People with COPD especially need a healthy eating plan in order to fight off respiratory infections. These infections are a main complication for COPD. A proper diet can stave off breathing problems. It is important for obese people suffering from COPD to shed the extra kilos. The body does not need extra weight to make living and breathing more difficult, with an extra burden on the heart and lungs.
Step 2: Adopt new healthy habits

  • 1. Understand the trigger(s) of your condition and try to avoid it.
  • 2. Treat any lung or respiratory infection as soon and as effective as possible
  • 3. Treat and control asthma very effectively
  • 4. Stop smoking
  • 5. Eat a healthy and balanced diet
  • 6. Lose weight
Step 3: Guidelines for healthy eating to prevent or help you cope with COPD

  • Don't eat large meals – they will leave you feeling short of breath.
  • Eat three small meals and three snacks every day – it is much easier for your body to deal with this.
  • Avoid food with high fat and sugar contents, as they produce extra carbon dioxide, which makes your lungs work extra hard. These include fried or heavily spiced foods and a number of green vegetables.
  • Extra weight makes your lungs work harder, which makes breathing more difficult. Lose those extra kilos.
  • Drink lots of water. You should drink six to eight glasses of beverages (not including tea and coffee) each day to keep mucus thin and easier to cough up. Limit caffeine as it may interfere with some of your medications.

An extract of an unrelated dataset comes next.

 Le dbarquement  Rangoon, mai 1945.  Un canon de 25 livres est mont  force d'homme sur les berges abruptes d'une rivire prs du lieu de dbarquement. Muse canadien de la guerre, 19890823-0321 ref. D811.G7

  • Include high-fibre foods such as vegetables, cooked dried peas and beans (legumes), whole-grain foods, bran, cereals, pasta, rice and fresh fruit in your diet. Fibre helps move food along the digestive tract and may reduce the level of cholesterol in the blood.
  • Limit your salt intake. Eating too much salt causes the body to keep or retain too much water, causing breathing to be more difficult. Use herbs to flavour food and don't add salt while you are cooking.
  • Increase your potassium intake, especially if you are taking diuretics. Potassium is found in oranges and bananas, potatoes, asparagus and tomatoes.
  • Eat slowly. Take small bites and chew your food slowly, breathing deeply while chewing.
  • Choose foods that are easy to chew.
  • Try drinking liquids at the end of your meal. Drinking before or during the meal may make you feel full or bloated.
  • Eat while sitting up to ease the pressure on your lungs.